## Required action
Show all lines from the data that include the word "Road".

(Stored data entries)
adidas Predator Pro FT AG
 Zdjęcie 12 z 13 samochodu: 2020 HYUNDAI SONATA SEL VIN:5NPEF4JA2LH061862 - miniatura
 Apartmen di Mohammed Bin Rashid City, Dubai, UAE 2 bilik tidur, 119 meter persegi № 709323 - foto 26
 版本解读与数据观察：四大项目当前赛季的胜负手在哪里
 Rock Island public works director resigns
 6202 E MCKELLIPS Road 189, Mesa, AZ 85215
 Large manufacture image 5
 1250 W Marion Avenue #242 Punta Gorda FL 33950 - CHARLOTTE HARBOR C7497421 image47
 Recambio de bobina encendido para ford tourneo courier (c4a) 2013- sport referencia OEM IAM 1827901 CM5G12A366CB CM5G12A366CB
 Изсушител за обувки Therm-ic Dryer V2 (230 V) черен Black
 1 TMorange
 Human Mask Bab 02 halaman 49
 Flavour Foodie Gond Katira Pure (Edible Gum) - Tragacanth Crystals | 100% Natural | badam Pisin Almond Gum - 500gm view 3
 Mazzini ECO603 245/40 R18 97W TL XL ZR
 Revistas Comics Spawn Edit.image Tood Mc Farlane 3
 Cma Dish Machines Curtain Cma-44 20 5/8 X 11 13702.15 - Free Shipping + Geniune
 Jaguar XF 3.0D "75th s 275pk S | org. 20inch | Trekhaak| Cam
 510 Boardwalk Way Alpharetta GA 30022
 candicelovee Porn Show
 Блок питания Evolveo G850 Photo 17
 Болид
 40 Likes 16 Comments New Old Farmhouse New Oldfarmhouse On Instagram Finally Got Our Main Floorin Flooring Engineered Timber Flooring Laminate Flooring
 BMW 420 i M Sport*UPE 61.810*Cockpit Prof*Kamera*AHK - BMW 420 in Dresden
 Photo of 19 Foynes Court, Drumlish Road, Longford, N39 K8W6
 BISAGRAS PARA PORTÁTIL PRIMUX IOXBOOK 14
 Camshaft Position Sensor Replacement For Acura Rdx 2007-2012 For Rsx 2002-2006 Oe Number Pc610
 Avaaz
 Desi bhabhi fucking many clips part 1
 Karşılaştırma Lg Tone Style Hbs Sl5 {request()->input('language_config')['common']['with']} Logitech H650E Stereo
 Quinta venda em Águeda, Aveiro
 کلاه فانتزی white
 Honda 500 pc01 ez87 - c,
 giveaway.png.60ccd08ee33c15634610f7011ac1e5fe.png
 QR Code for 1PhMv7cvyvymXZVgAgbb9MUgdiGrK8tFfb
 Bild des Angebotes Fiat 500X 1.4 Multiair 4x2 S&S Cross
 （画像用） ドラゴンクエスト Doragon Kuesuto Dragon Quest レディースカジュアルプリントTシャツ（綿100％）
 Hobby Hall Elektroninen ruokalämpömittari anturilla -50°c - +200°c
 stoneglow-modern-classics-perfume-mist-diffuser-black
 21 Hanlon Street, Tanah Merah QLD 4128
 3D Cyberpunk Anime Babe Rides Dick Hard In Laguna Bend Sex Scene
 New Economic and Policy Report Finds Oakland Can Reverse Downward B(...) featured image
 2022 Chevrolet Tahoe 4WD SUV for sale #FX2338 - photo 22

## Answer to this exercise
 6202 E MCKELLIPS Road 189, Mesa, AZ 85215
 Photo of 19 Foynes Court, Drumlish Road, Longford, N39 K8W6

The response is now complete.